__Available data__
▬▬▬▬▬▬
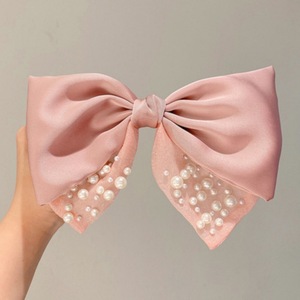 Pasadores de Pelo con Lazo de Seda y Perlas de Color Sólido de Alta Calidad para Mujer, Lazos Grandes de Satén con Cuentas, Pinzas para el Cabello - Product Image 6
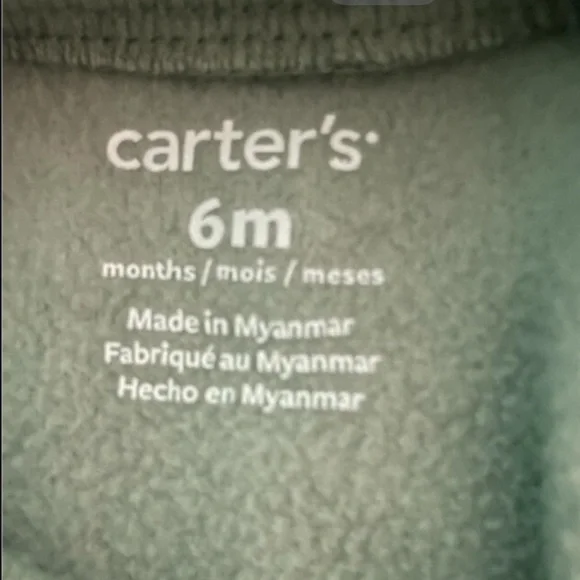 Carter's Green Helicopter Print Footie Fleece PJ’S - Picture 8 of 8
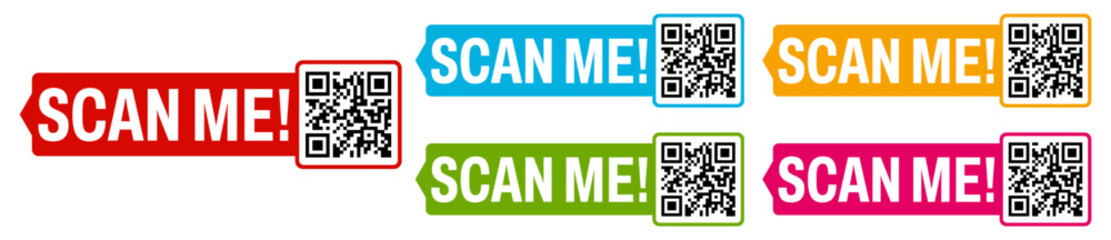 set QR codes for icon. scan me labels for payment and identification template design vector illustration
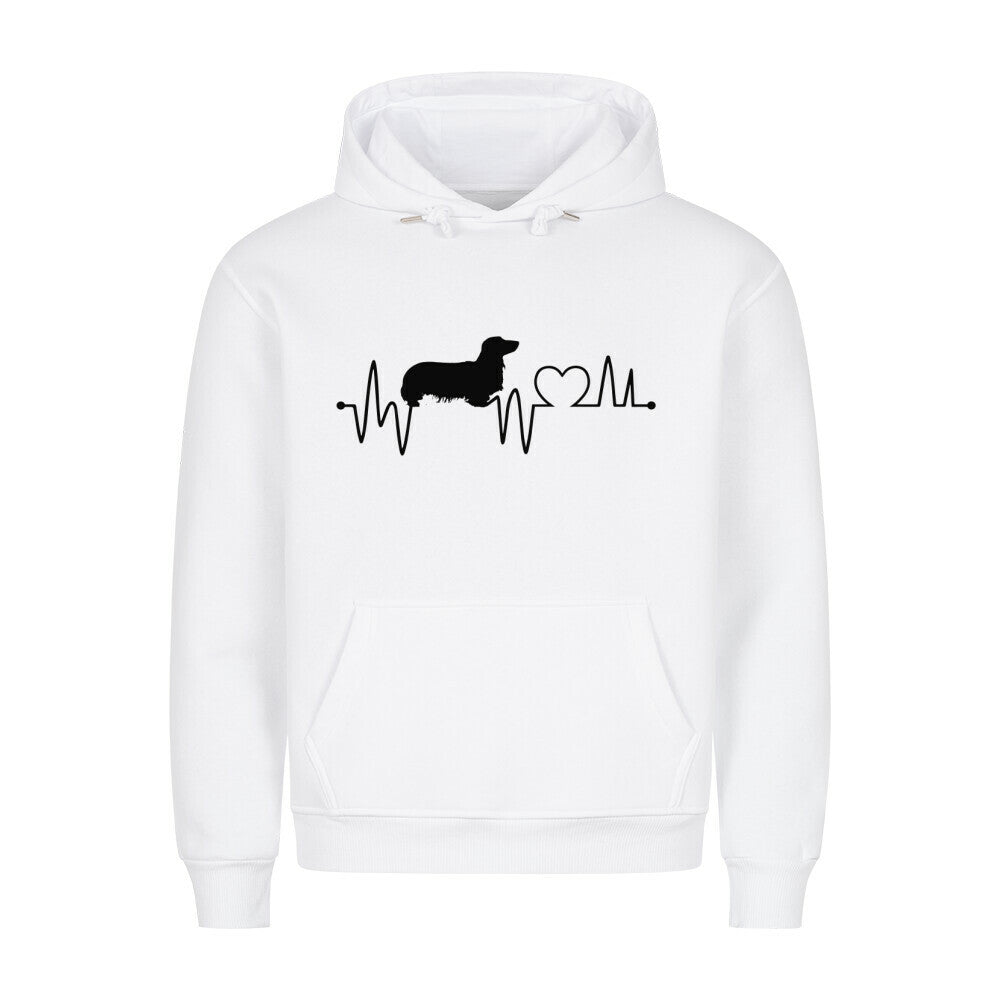 Premium Hoodie "Dackel ( Langhaar ) - Heartbeat" Weiß – hunde-shirt.de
▬▬▬▬▬▬
__Task description__
Give again, exactly, the lines from the start of the data through the one holding "Carter's Green Helicopter"; omit the pictures.

__Written answer__
 Pasadores de Pelo con Lazo de Seda y Perlas de Color Sólido de Alta Calidad para Mujer, Lazos Grandes de Satén con Cuentas, Pinzas para el Cabello - Product Image 6
 Carter's Green Helicopter Print Footie Fleece PJ’S - Picture 8 of 8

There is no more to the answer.